**ACTION ITEM:** Each line from the one holding "Blue electronics cleaning" to the last line of the listing must be set down exactly. No pictures are to be included.

**INPUT DATA:**
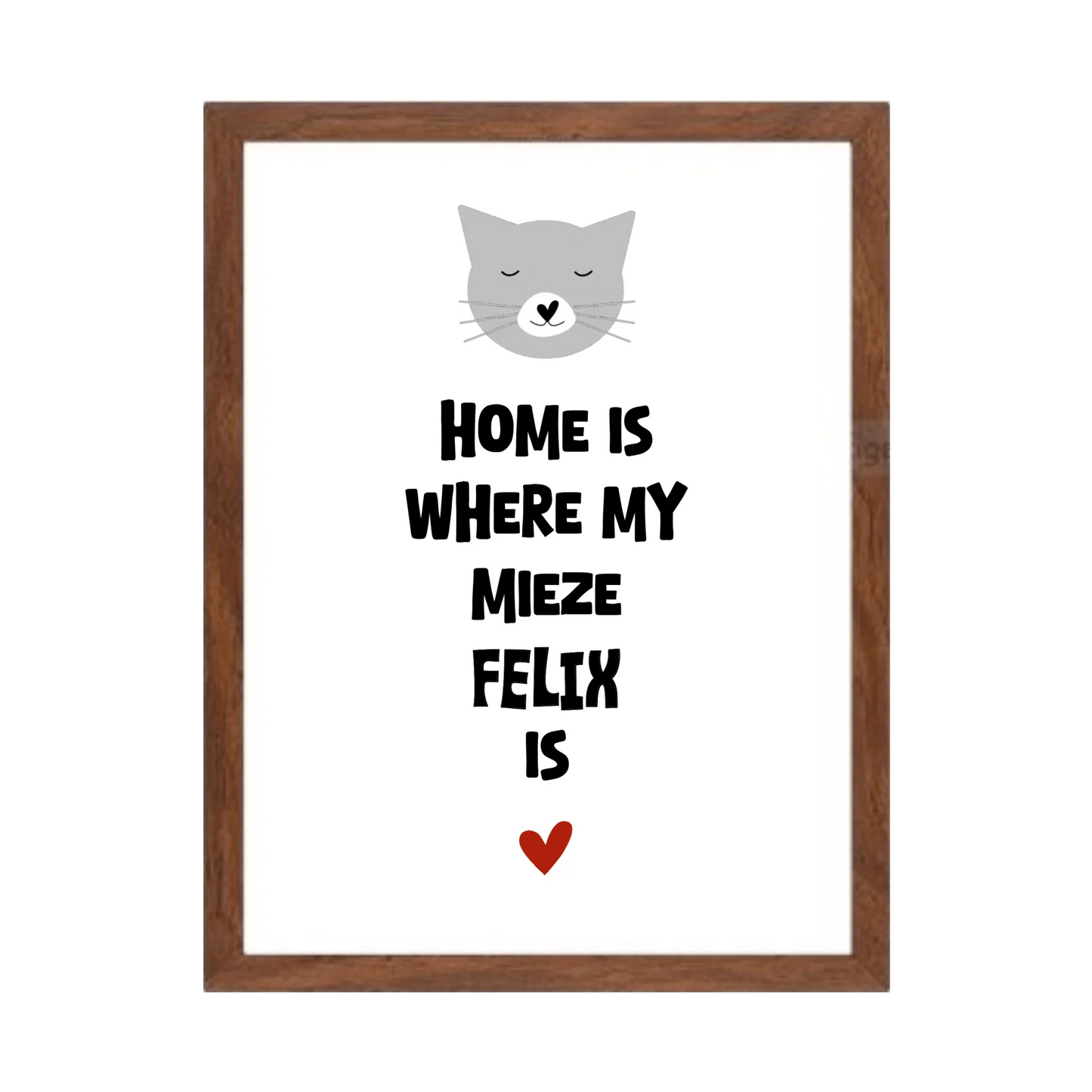 "Home is where my cat is" Katzenposter personalisiert - Geburtstagsgeschenk & Weihnachtsgeschenk - Zeitraum-Kunstdruck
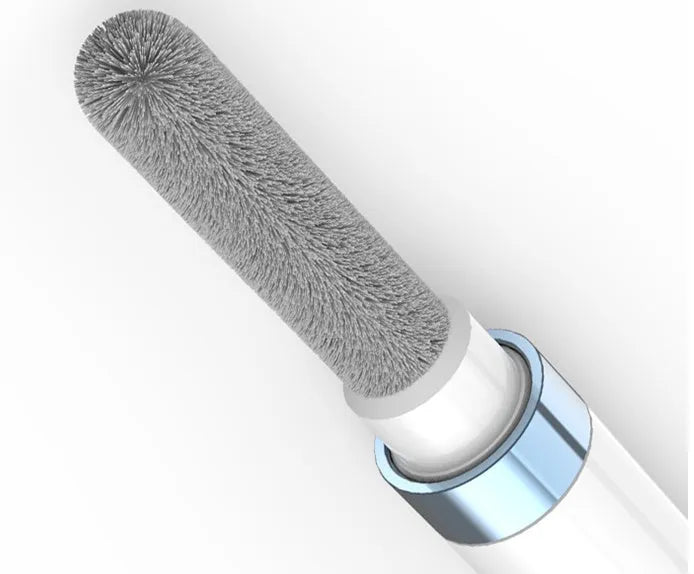 Blue electronics cleaning pen with metal nib, brush, and sponge for cleaning earbuds and phones
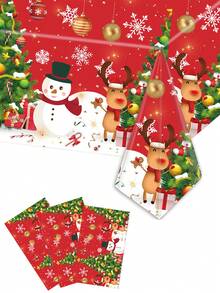 1Pc Christmas Tablecloth,Red Christmas Tree Snowman & Reindeer Pattern Table Cover,137*274cm Christmas Decor Plastic Tablecloth,Xmas Party Disposable PE Tablecloth,Merry Christmas Table Flag,Christmas Decoration For Home,Kitchen Dining Table Decor,Christmas Party Supplies,Christmas Gift,Holiday Party Favor,Xmas Decor,Home Decor - Red - View 2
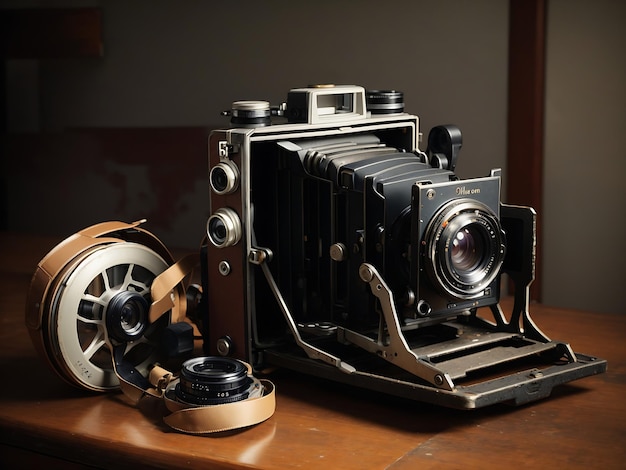 Alte Vintage-Kamera und Fotorolle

**FINISHED TASK:**
 Blue electronics cleaning pen with metal nib, brush, and sponge for cleaning earbuds and phones
 1Pc Christmas Tablecloth,Red Christmas Tree Snowman & Reindeer Pattern Table Cover,137*274cm Christmas Decor Plastic Tablecloth,Xmas Party Disposable PE Tablecloth,Merry Christmas Table Flag,Christmas Decoration For Home,Kitchen Dining Table Decor,Christmas Party Supplies,Christmas Gift,Holiday Party Favor,Xmas Decor,Home Decor - Red - View 2
 Alte Vintage-Kamera und Fotorolle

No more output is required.